The 1984-2000 restoration of Old Durham Gardens will then be illustrated in detail, concluding with the continuing restoration and replanting work of the Friends of Old Durham Gardens from 2010, including its revival of Music in the Gardens, a tradition going back almost three hundred years.

Martin Roberts has lectured widely on the region’s historic buildings and landscapes, and alongside published research in local and national journals he has written books on Durham City and Durham University.

Week 4. 23rd March. Some of Mr Aislabie’s other places: Kirkby Hall, Kirkby Fleetham & Hackfall, North Yorkshire

This talk will explore two of the lesser-known designed landscapes of William Aislabie, following on from previous talks for TGT by Mark Newman on the work of father and son John and William Aislabie at Studley Royal, North Yorkshire.

After the death of his father John in 1742, William, politician and gentleman landscape designer, continued his father’s landscaping projects developing, inter alia, properties at Kirkby Hall, Kirkby Fleetham and the rugged woodland landscape of Hackfall between the 1740s and 1770s.

William Aislabie and the designed landscape of Kirkby Hall, Kirkby Fleetham by Gail Falkingham This part of the talk will explore the development of the Kirkby Hall estate, William Aislabie’s marital home from 1724, through a variety of surviving archival and documentary sources.

Gail Falkingham was formerly County Archaeologist for North Yorkshire and now works part-time at the North Yorkshire County Record Office. Gail’s research report on Kirkby Hall is available to download from the YGT website via this link: https://yorkshiregardenstrust.org.uk/kirkby-hall-kirkby-fleetham

Hackfall by Mark Newman

This part of the talk will explore how William’s fairly modest initial aspirations soon burgeoned into a project on the grandest of scales, drawing huge tracts of the Studley estate into a single great designed landscape, culminating in the rugged glen of the River Ure at Hackfall.

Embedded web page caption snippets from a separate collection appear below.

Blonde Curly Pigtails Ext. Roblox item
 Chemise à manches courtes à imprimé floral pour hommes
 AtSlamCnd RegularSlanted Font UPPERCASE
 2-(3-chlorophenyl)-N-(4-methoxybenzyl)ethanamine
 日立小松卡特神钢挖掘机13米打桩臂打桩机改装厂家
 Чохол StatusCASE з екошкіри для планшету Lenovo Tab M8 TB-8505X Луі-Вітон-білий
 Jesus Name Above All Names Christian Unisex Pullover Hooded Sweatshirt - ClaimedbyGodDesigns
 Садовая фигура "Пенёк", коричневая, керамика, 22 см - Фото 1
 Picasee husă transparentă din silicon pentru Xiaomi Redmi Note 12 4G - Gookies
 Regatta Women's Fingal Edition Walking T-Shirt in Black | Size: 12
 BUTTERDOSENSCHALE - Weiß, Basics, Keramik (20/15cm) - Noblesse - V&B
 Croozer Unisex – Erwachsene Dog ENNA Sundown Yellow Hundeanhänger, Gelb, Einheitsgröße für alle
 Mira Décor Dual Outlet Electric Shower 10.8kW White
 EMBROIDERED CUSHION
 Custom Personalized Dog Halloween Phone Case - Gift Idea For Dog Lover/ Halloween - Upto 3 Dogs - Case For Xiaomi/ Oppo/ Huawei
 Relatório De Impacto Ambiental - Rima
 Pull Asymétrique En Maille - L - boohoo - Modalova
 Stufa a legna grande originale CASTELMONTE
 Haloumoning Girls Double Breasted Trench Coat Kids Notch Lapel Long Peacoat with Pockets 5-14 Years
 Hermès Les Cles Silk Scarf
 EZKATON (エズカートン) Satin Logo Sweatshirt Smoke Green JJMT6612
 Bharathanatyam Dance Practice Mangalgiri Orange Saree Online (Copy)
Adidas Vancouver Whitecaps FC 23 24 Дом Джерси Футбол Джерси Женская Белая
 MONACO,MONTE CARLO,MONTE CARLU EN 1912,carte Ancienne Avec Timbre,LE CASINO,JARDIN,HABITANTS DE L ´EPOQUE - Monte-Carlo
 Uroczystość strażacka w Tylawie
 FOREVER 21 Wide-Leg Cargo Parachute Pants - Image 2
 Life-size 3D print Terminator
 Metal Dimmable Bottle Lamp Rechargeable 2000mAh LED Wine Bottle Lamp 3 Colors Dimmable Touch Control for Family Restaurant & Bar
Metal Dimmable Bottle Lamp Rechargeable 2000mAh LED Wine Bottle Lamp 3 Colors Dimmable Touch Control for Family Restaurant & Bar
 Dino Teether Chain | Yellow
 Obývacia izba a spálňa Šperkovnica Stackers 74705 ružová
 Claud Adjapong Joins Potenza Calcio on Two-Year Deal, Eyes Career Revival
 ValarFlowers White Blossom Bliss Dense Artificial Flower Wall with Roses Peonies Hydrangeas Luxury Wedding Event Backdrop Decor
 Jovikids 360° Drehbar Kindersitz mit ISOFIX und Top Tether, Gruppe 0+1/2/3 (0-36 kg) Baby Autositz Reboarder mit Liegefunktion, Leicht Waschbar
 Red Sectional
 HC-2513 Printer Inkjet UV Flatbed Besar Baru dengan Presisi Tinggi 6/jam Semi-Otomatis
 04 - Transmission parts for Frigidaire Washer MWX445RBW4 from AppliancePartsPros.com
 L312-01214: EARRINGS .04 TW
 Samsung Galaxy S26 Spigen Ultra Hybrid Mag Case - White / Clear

Mark Newman is the National Trust's Archaeologist for Yorkshire and the North-East.

Week 5. 30th March. The Future of Memory at Castle Howard – Christopher Ridgway

This second talk on Castle Howard to be given by Christopher Ridgway, will chronicle how the estate has worked to preserve its priceless array of gardens, lakes, woods and monuments that comprise one of the most spectacular landscapes in the UK. The perennial equation of managing change and continuity sit at the heart of how Castle Howard remains an unforgettable landscape, but today fresh environmental, political, and economic pressures mark the 21st century as one of the most volatile periods in its history. How will Castle Howard outlast these new challenges?